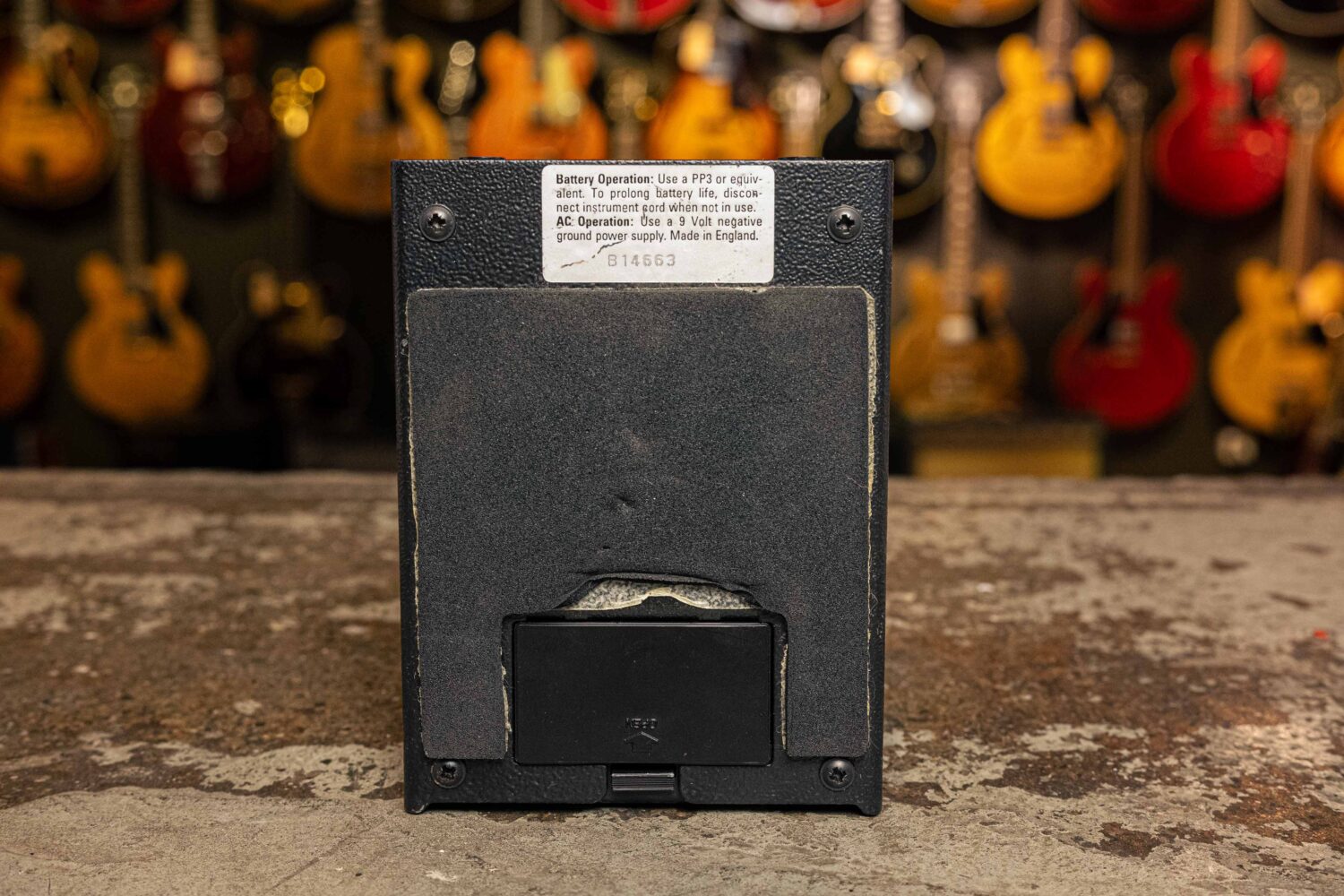 Marshall Blues Breaker MK I 1990's – Bild 4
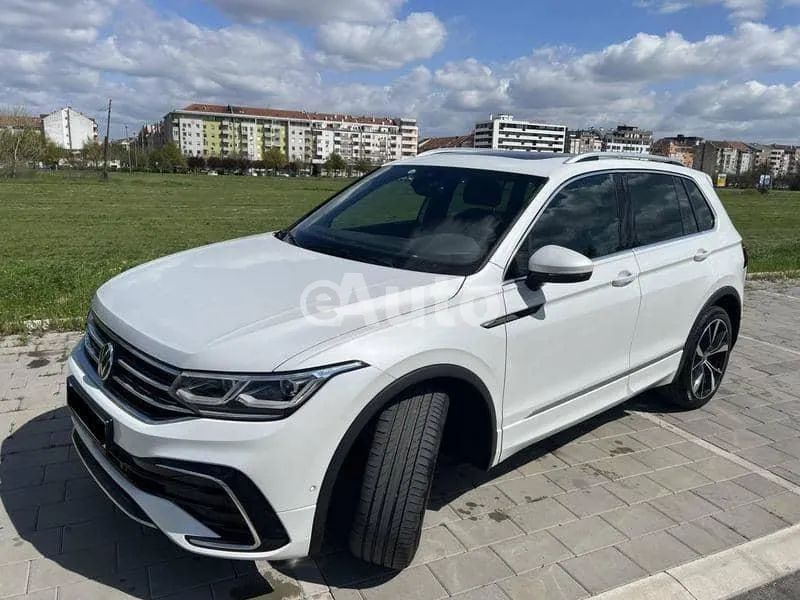 Volkswagen Tiguan — polovni automobil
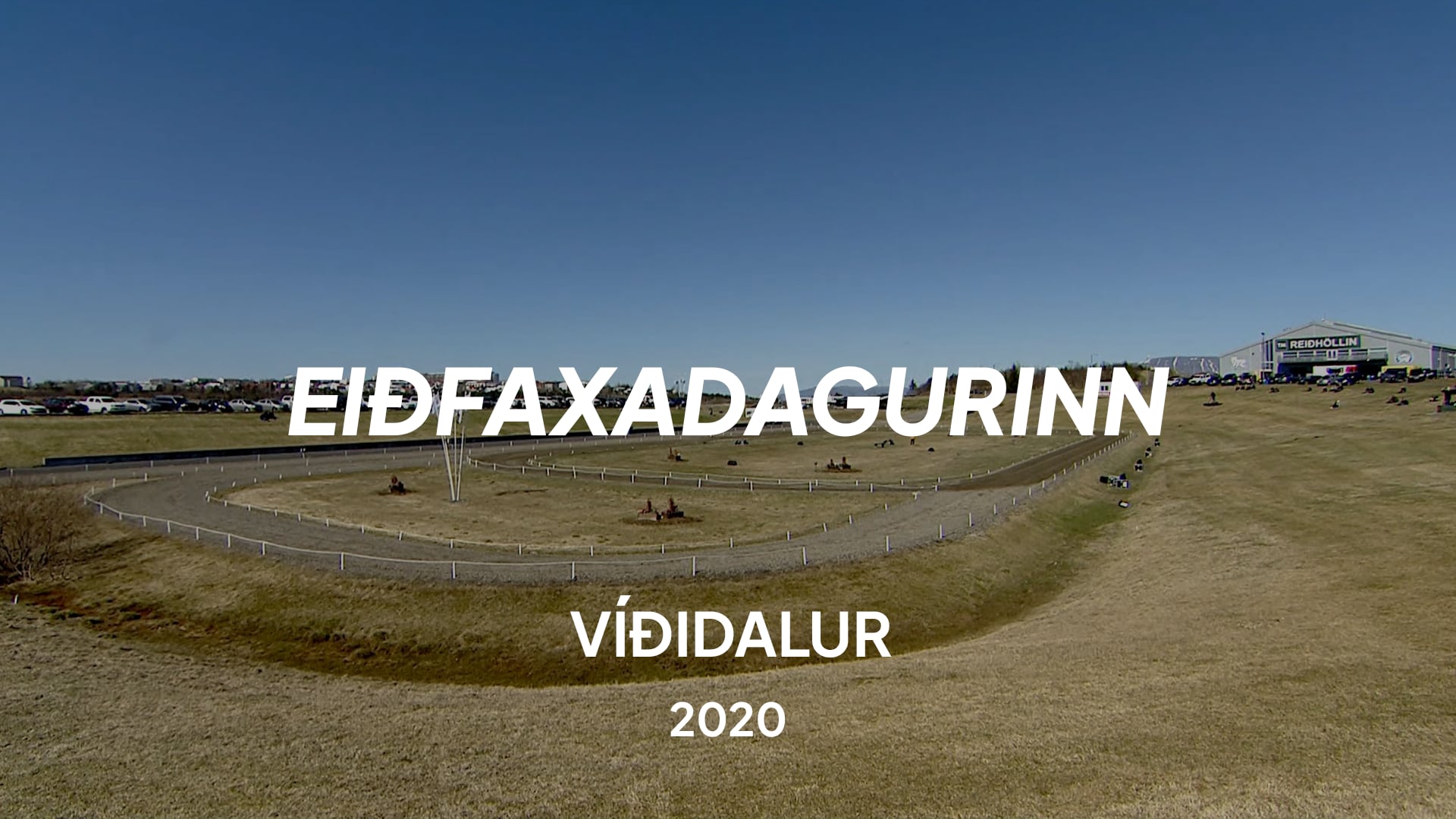 Eiðfaxadagurinn 2020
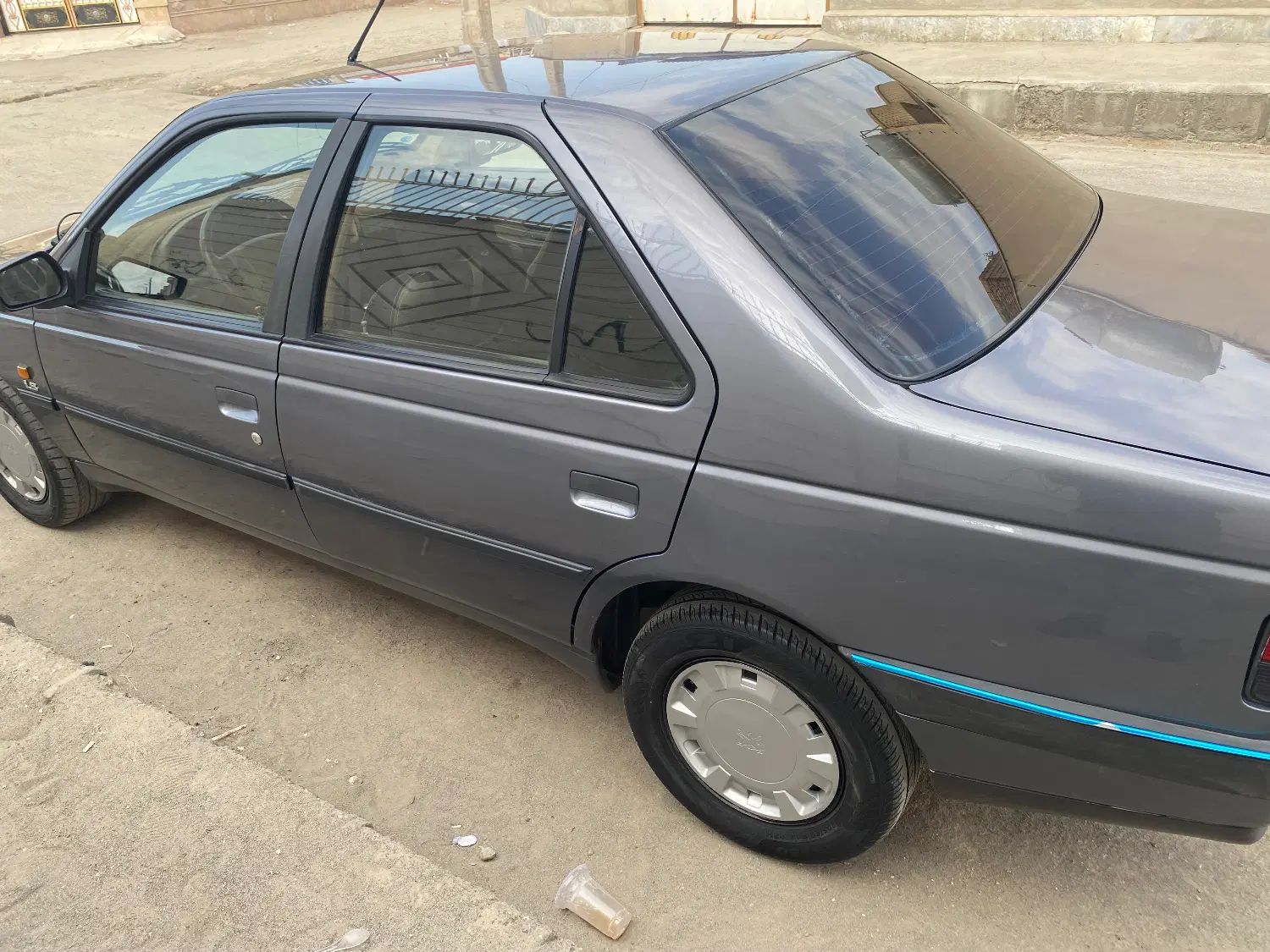 پژو 405 GLX - 1396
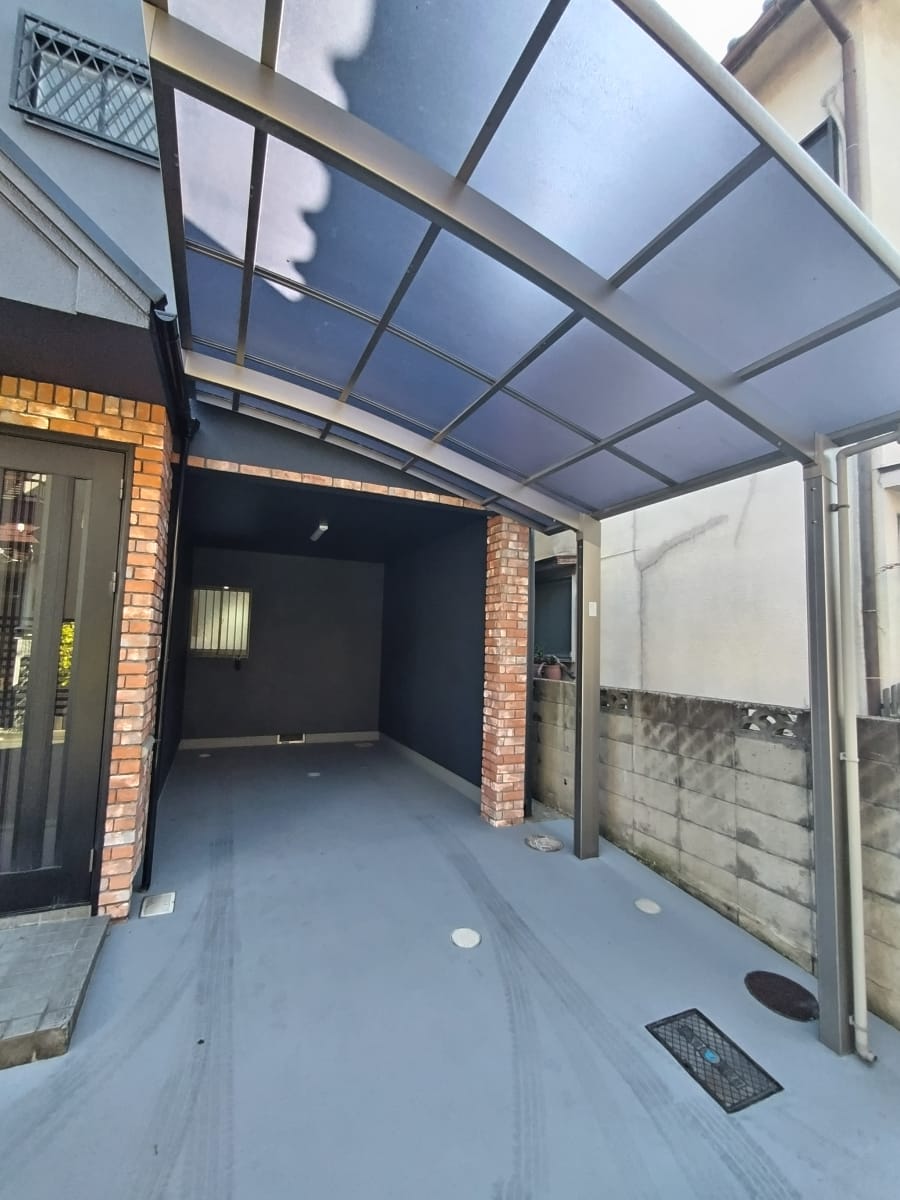 (駐車場) (駐車場)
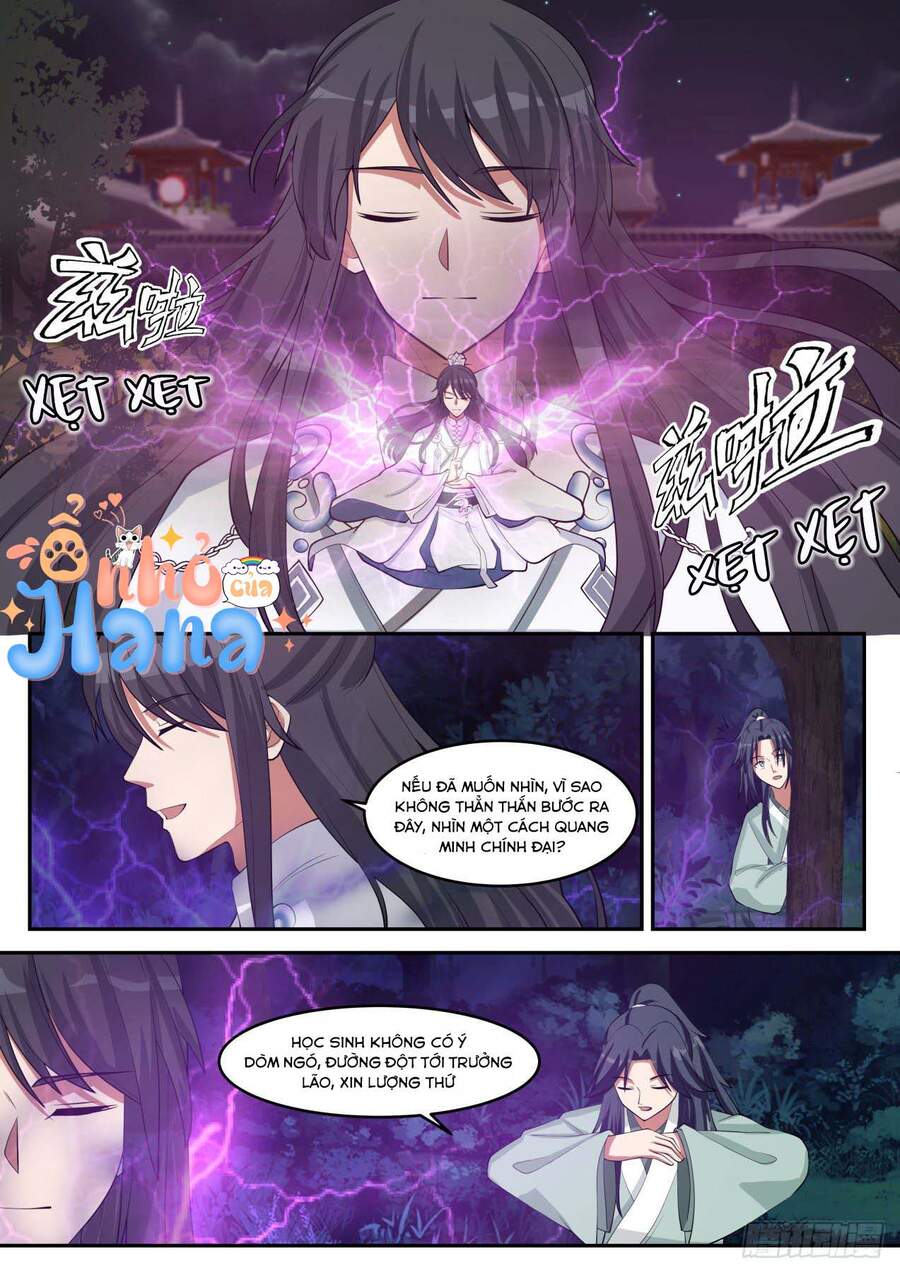 Tổ Sư Gia Đứng Đầu Lịch Sử chapter 26 - Trang 6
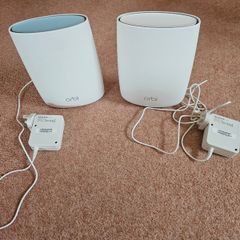 Netgear Orbi RBR50 + Satellite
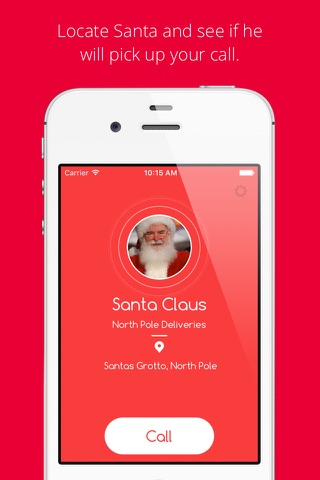Santa Calls: Call Santa Now! screenshot 2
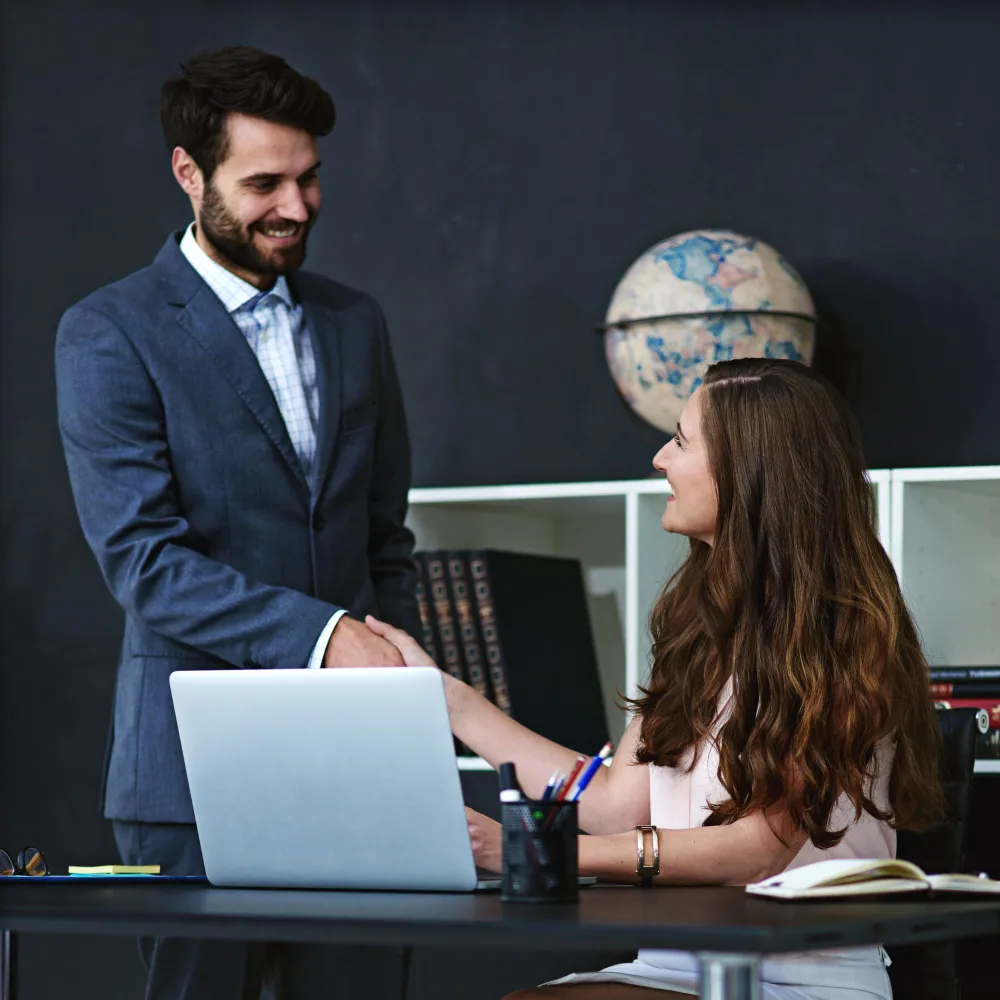 First Contact to First Case: Your Partnership Journey
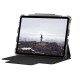 UAG Apple iPad Peter Pan - [U] Lucent - Black (12329N314040)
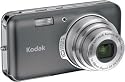 Kodak EasyShare V1003 10MP Digital Camera with 3x Optical Zoom (Silver Essence)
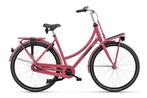 Batavus Packd roze dames 55cm 28inch, Fietsen en Brommers, Fietsen | Dames | Damesfietsen, Nieuw, Versnellingen, Batavus, 53 tot 56 cm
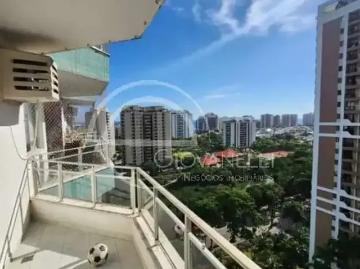 Apartamento para Venda em Rio de Janeiro/RJ Barra da...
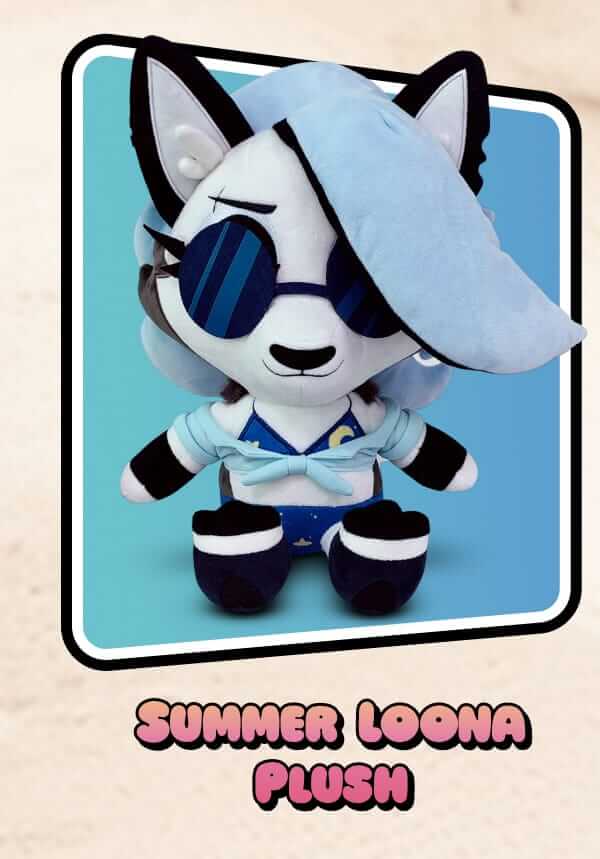 Summer Loona Plush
━━━━━━━━━━━━━━━━━━━━━━━━━━━━━━
■ EXERCISE PROMPT
Nothing but the lines from the line containing "Eiðfaxadagurinn 2020" to the end of the records above should be repeated, exactly and with every picture omitted.

■ WRITTEN RESPONSE
 Eiðfaxadagurinn 2020
 پژو 405 GLX - 1396
 (駐車場) (駐車場)
 Tổ Sư Gia Đứng Đầu Lịch Sử chapter 26 - Trang 6
 Netgear Orbi RBR50 + Satellite
Santa Calls: Call Santa Now! screenshot 2
 First Contact to First Case: Your Partnership Journey
 UAG Apple iPad Peter Pan - [U] Lucent - Black (12329N314040)
 Kodak EasyShare V1003 10MP Digital Camera with 3x Optical Zoom (Silver Essence)
 Batavus Packd roze dames 55cm 28inch, Fietsen en Brommers, Fietsen | Dames | Damesfietsen, Nieuw, Versnellingen, Batavus, 53 tot 56 cm
 Apartamento para Venda em Rio de Janeiro/RJ Barra da...
 Summer Loona Plush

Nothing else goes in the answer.